• EXERCISE OBJECTIVE
Line by line, retype the material exactly and leave each picture out.

• EXERCISE INPUTS
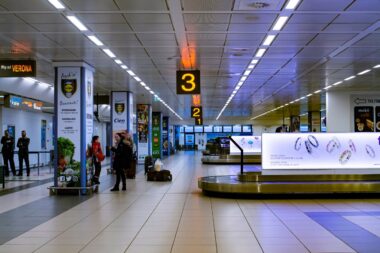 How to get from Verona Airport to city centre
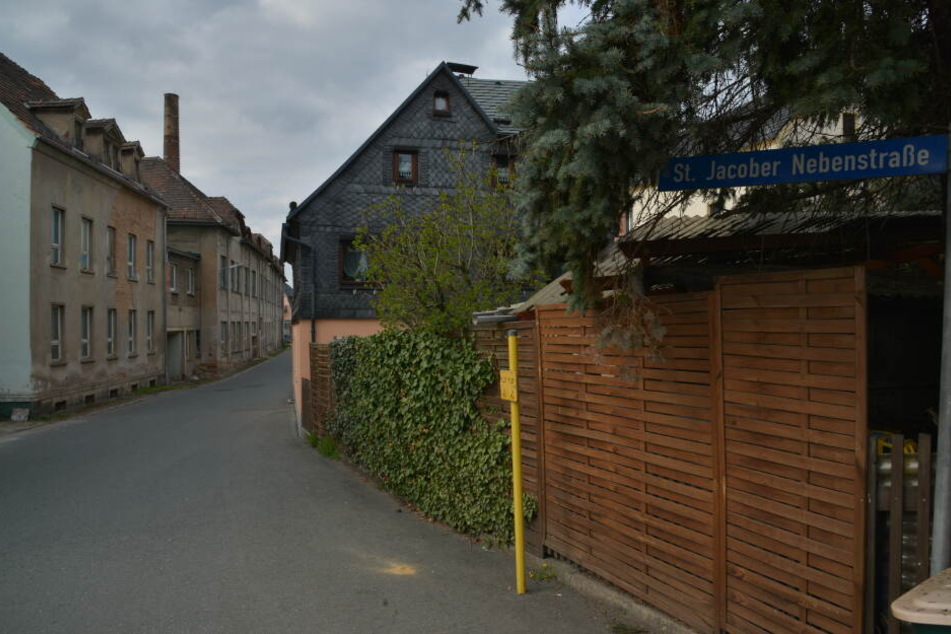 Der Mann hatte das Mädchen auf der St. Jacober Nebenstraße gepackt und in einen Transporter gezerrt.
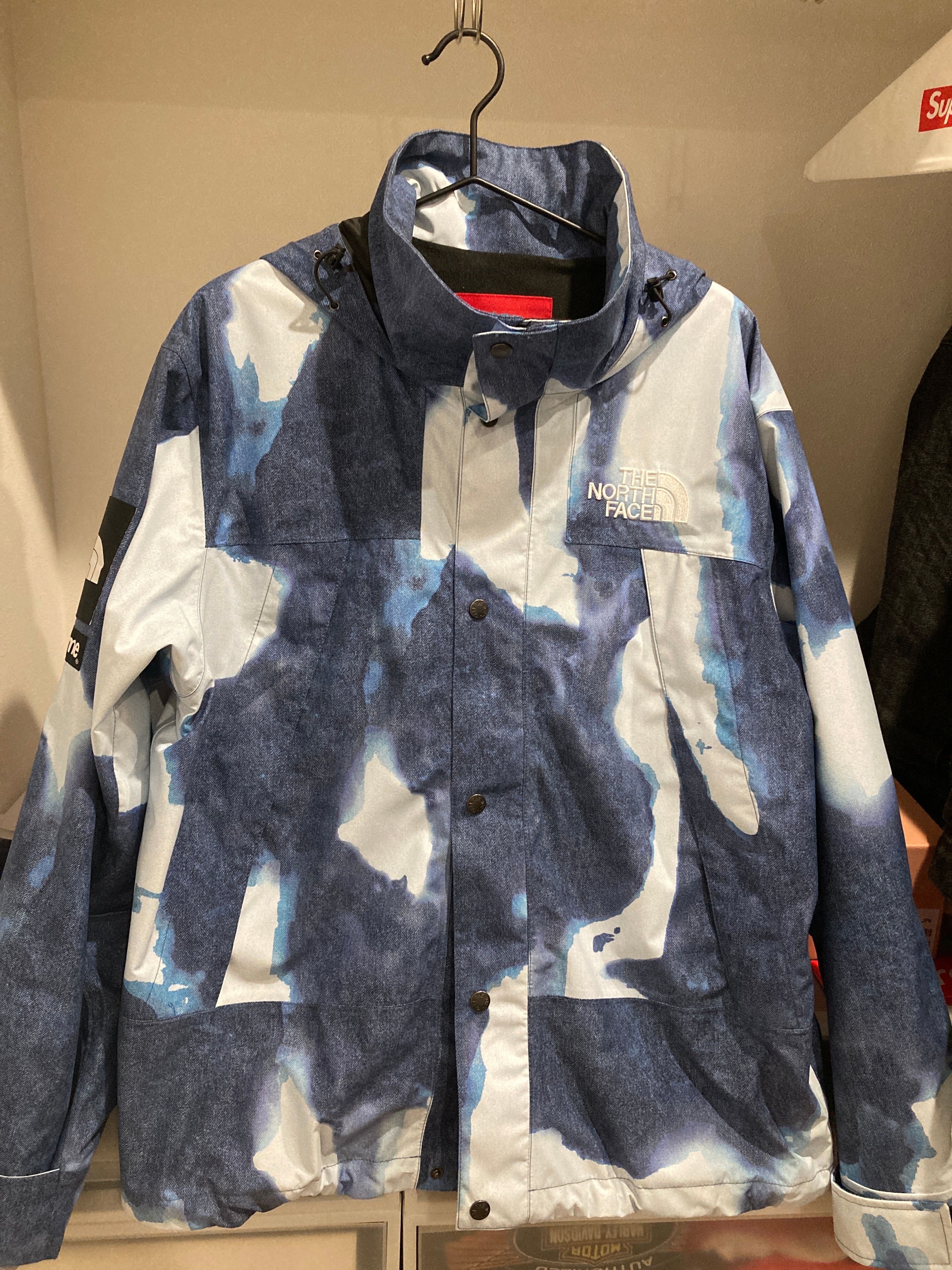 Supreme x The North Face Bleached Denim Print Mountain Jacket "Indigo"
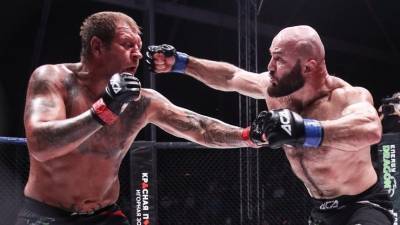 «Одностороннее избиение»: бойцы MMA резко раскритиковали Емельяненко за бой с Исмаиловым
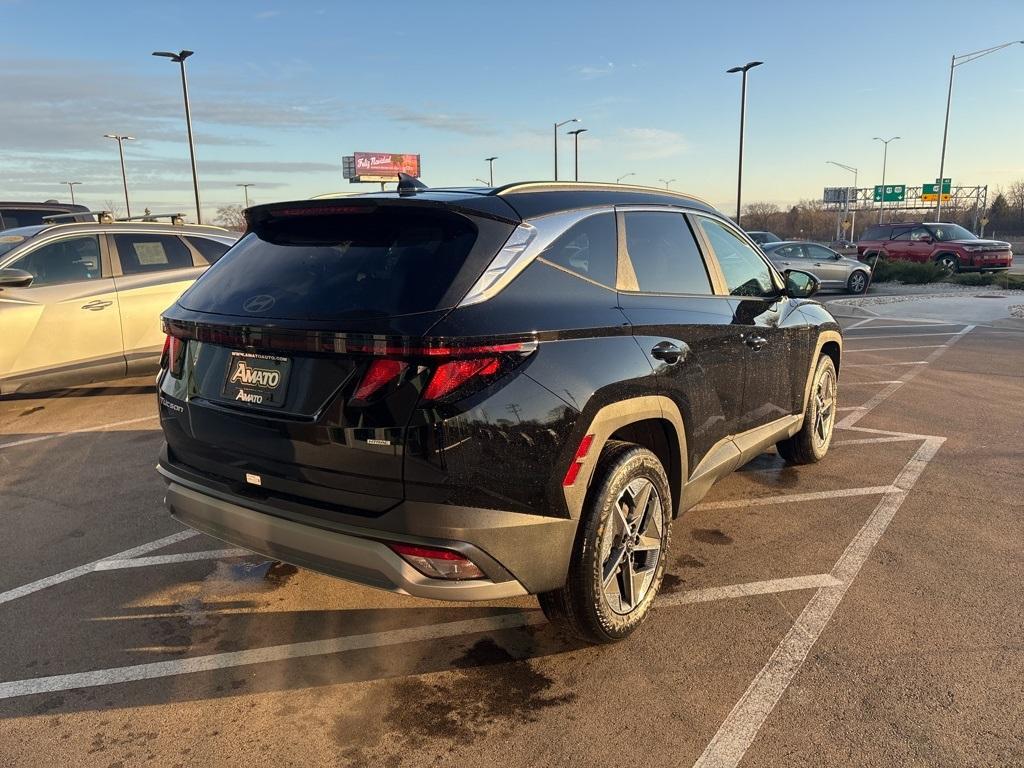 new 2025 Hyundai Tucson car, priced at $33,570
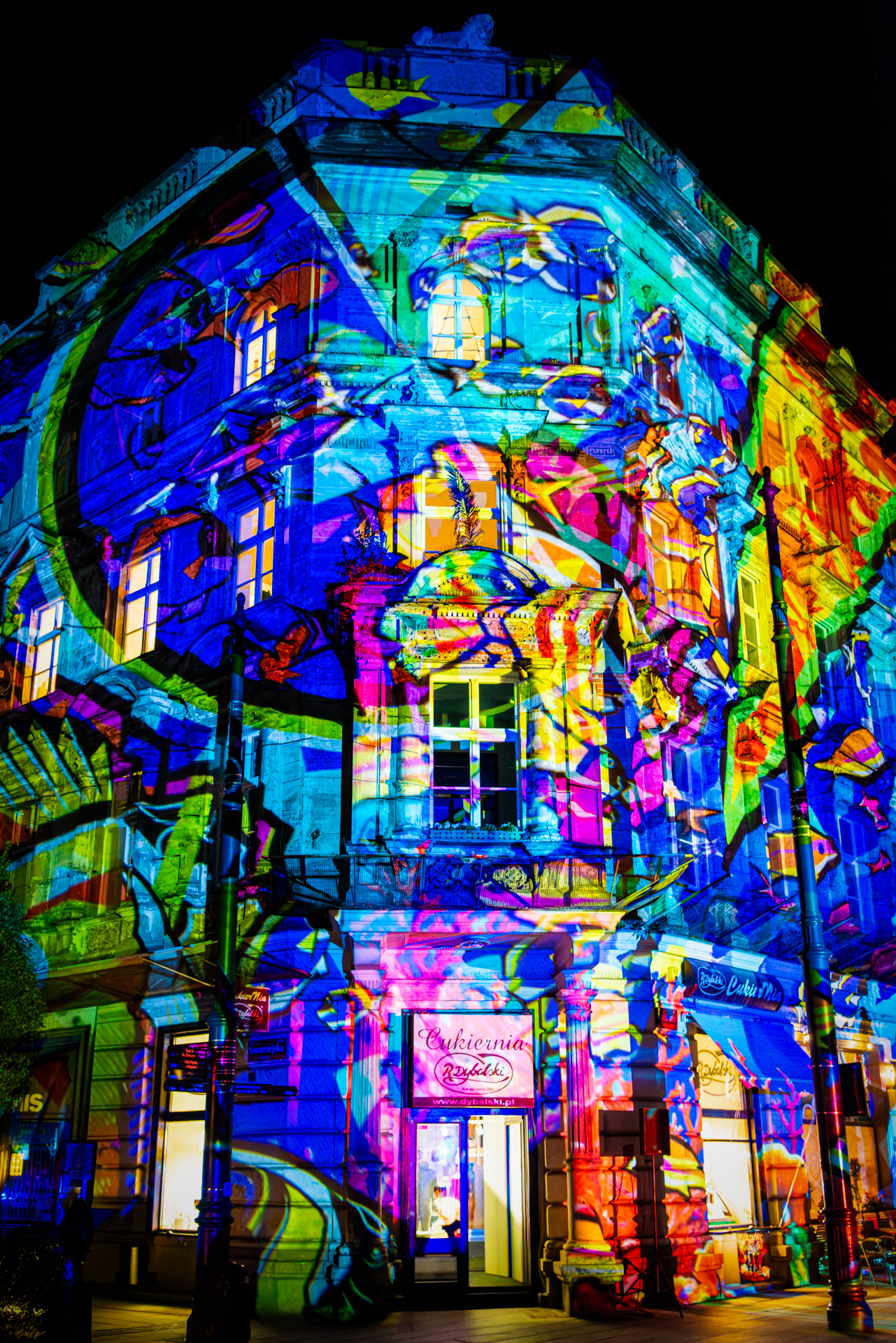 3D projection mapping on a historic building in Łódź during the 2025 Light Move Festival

• RESPONSE TO THE EXERCISE
 How to get from Verona Airport to city centre
 Der Mann hatte das Mädchen auf der St. Jacober Nebenstraße gepackt und in einen Transporter gezerrt.
 Supreme x The North Face Bleached Denim Print Mountain Jacket "Indigo"
 «Одностороннее избиение»: бойцы MMA резко раскритиковали Емельяненко за бой с Исмаиловым
 new 2025 Hyundai Tucson car, priced at $33,570
 3D projection mapping on a historic building in Łódź during the 2025 Light Move Festival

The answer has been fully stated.